**Problem to work on**.
Every line of the entries below from the one containing "Purple Wigs With" to the one containing "A light gray", both ends included, must be written out exactly. No other line belongs in the answer.

**Items listed in a dataset**.

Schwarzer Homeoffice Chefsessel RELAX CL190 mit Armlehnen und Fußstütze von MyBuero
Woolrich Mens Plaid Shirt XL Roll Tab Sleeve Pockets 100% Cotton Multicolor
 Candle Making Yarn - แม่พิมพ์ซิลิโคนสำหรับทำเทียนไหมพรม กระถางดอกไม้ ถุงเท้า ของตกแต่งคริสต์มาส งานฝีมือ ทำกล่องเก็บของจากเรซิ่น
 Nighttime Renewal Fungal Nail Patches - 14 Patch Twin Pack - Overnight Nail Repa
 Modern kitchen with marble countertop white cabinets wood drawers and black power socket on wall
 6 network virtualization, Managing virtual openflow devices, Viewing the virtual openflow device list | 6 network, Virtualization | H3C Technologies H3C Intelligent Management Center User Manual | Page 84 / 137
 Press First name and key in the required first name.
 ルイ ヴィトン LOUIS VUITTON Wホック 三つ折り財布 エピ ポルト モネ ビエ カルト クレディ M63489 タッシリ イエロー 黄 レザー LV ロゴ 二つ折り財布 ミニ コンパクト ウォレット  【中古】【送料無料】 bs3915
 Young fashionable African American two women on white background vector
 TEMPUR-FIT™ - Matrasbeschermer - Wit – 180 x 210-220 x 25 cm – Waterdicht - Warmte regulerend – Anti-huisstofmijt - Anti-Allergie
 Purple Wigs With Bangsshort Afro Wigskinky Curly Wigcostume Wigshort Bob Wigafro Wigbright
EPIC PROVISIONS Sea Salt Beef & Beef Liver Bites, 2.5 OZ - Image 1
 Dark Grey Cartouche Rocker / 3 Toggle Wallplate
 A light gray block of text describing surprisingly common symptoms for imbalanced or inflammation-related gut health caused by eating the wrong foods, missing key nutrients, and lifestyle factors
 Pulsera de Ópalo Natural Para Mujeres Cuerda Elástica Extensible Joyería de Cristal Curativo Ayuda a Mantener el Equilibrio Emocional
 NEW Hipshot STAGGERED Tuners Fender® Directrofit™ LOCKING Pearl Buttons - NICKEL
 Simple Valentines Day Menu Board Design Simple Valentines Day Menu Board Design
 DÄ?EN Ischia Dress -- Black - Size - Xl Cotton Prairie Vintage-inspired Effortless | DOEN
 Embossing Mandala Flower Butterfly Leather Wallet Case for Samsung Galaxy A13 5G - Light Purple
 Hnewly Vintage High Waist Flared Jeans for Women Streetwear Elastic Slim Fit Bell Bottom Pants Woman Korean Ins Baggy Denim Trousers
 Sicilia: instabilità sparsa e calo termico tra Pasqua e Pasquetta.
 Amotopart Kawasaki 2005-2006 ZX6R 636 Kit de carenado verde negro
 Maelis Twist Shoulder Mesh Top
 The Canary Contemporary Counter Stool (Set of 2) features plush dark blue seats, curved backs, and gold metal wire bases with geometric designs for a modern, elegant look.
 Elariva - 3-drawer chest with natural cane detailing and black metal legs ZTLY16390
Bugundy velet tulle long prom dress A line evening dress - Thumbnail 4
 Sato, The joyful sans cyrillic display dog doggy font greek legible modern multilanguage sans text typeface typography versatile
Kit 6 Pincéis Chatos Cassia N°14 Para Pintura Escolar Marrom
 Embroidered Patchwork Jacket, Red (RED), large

**Written response**.
 Purple Wigs With Bangsshort Afro Wigskinky Curly Wigcostume Wigshort Bob Wigafro Wigbright
EPIC PROVISIONS Sea Salt Beef & Beef Liver Bites, 2.5 OZ - Image 1
 Dark Grey Cartouche Rocker / 3 Toggle Wallplate
 A light gray block of text describing surprisingly common symptoms for imbalanced or inflammation-related gut health caused by eating the wrong foods, missing key nutrients, and lifestyle factors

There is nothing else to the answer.